What is expected to be the largest number of handcarts gathered in the Salt Lake Valley since the 1800s will be drawn in a trek into downtown Salt Lake City on Sept. 26 in a historic re-enactment on the 150th anniversary of the entrance of the first handcart trains into the valley.
The 100 handcarts and 500 walkers will proceed from This Is The Place Heritage Park to the Church's Conference Center plaza area, said Rob Race of the Sugar House Chapter of the Sons of Utah Pioneers, which is organizing the event.
Everyone is invited to come participate without charge, said Brother Race, who hopes that spectators will feel free to be dressed in pioneer-style clothing as they line the streets of the route to cheer on the handcart pullers and walkers.
The handcarts will depart at 9:30 a.m. from the park at the mouth of Emigration Canyon where, in 1847, President Brigham Young with the first group of Mormon pioneers gazed at the valley and pronounced the words, "This is the right place; drive on," thus beginning the pioneer movement to the Mountain West. The movement would last until the coming of the railroad in 1869 and would include 10 handcart companies from 1856 to 1860.

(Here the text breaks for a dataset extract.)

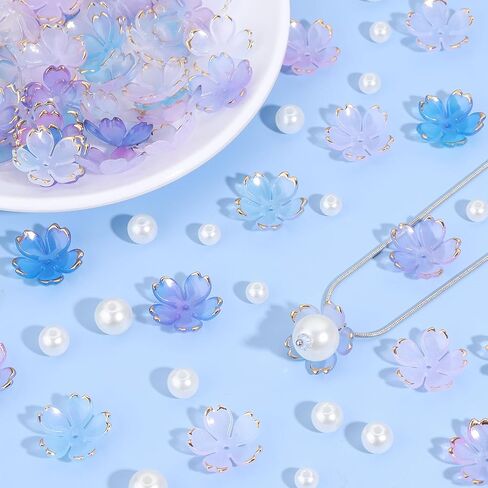 120Pcs Cherry Blossom Acrylic Flower Beads, Shiny Gold-Plated Floral Spacer Beads 5-Petal Gradient Floral Beads for Necklaces Bracelets Earrings Cell Phone Chain DIY Jewelry Making,Mixed Color in Kuwait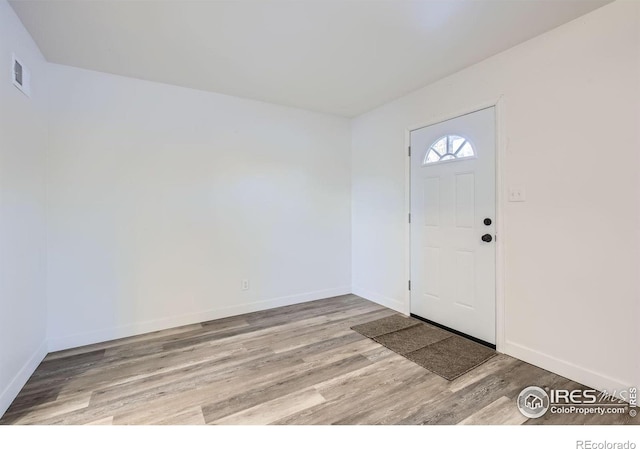 entrance foyer with light wood-type flooring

Brother Race said participants can register at the park at 9 a.m., or they can join the trek about 11 a.m. at the Salt Lake 10th Ward meetinghouse, at 400 South and 800 East. An actor depicting Brigham Young will greet the handcart walkers at both locations, and entertainment will include choir and brass band music.
From the 10th Ward building, the train will proceed to State Street and go north to the Eagle Gate, where "Brigham Young" will come out of the Beehive House to again rally the participants. The train will proceed around Temple Square and end at the Conference Center, where Elder Marlin K. Jensen of the Seventy, Church Historian and Recorder, will address the gathering, Brother Race said.
For details about the event and registration information, contact Brother Race at wagontrainwalker@netzero.net.
This will be the latest event in a yearlong observance of the sesquicentennial of the departure of the first handcart trains. An observance in June in Iowa City, Iowa, the first outfitting point for the handcart pioneers, featured President Gordon B. Hinckley in a Churchwide satellite telecast from the University of Iowa (Church News, June 17, 2006, p. 4).